Do school closings help limit the spread of influenza? It’s a tough question to answer definitively, but at best they appear to have a moderate effect in reducing transmission, if—and this is important—the rate of illness from influenza in children is high compared with adults. One unusual feature of COVID-19 is that children seem to be largely spared from illness. This means that school closings would do less to reduce its spread than the precedents of 1918 might suggest.
Another feature of school closings must be taken into account, and it goes beyond the fact that many parents would need to stay at home to take care of their children. As the weather warms up, children will do what they always do. They will climb trees or chase basketballs into busy streets, and a few unlucky ones will end up in emergency rooms with serious injuries—or worse. Like medications, public-health interventions have unwanted side effects. While it is relatively easy to decide to close down a school system, it takes wisdom to understand the ramifications of a choice that will take millions of children out of relatively safe environments and put them into others, where the risks are unknown. Pity the public servant who has to make that call.

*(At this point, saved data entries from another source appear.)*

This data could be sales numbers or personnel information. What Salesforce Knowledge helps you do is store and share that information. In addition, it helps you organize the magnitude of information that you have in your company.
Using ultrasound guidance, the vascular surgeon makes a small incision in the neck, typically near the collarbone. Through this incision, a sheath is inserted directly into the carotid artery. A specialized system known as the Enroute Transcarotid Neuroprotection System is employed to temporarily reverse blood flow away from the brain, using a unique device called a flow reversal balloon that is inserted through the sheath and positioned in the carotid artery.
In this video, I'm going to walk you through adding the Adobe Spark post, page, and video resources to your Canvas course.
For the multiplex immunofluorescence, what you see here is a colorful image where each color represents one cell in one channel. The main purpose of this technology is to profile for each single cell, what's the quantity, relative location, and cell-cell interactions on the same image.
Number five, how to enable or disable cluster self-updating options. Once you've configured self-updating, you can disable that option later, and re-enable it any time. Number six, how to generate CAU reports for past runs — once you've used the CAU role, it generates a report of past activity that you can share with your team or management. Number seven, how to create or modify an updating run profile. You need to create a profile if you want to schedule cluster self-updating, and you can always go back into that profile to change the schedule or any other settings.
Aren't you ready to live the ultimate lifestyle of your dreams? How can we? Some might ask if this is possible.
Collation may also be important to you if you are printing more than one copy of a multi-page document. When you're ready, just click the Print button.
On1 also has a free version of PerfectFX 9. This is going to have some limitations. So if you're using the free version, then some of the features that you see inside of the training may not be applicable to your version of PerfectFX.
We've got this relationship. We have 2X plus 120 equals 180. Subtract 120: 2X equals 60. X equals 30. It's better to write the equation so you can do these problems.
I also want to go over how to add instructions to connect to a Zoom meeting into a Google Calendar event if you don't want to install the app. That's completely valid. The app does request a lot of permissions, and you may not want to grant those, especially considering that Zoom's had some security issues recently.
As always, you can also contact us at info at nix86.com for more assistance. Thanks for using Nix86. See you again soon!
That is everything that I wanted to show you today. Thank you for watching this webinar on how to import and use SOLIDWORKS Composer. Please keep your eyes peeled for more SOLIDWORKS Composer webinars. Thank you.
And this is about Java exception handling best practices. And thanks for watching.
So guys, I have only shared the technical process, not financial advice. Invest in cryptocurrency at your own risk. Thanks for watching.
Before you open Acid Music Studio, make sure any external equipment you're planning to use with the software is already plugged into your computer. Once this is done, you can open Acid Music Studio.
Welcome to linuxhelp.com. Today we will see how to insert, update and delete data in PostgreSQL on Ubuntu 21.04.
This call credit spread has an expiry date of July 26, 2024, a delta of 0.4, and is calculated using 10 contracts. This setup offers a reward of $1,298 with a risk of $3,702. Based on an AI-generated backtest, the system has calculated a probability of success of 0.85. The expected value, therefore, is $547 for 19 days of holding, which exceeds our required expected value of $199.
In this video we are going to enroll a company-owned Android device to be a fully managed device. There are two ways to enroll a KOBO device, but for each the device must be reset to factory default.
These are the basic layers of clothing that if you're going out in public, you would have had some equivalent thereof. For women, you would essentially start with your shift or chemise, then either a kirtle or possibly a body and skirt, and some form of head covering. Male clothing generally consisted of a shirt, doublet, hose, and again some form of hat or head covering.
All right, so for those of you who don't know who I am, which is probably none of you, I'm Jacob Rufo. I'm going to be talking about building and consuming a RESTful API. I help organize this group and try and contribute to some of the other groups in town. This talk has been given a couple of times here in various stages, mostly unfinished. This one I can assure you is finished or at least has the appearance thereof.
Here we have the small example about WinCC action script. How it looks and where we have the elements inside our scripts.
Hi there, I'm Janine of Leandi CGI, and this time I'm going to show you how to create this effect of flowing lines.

Once states close their schools, or theaters, or public gatherings, they will be forced to grapple with another problem. Public closings cannot last forever. They must, sooner or later, be lifted. And that’s when the story gets more complicated. “Interventions may be capable of significantly reducing the rate of disease transmission so long as they remain in effect,” a team of researchers wrote in 2007. But while the mortality rates declined during closures, once they were relaxed, the influenza virus found fertile new territory.
In fact, cities that reduced their rates of transmission with aggressive public-health measures experienced a large bounce and a second wave of infection. Public closings do not necessarily keep infections out of our communities. They may only delay their arrival. But that delay may itself be crucial. When people who are sick arrive within a short period, they can overwhelm hospitals and clinics—and quickly use up essential supplies. When that same number of sick people is spread out over a longer period of time, health-care providers are more likely to be able to cope with the demand.
For the next few weeks, closings will become a part of our way of life. Then we really will have something in common with those who lived through the great influenza pandemic of 1918.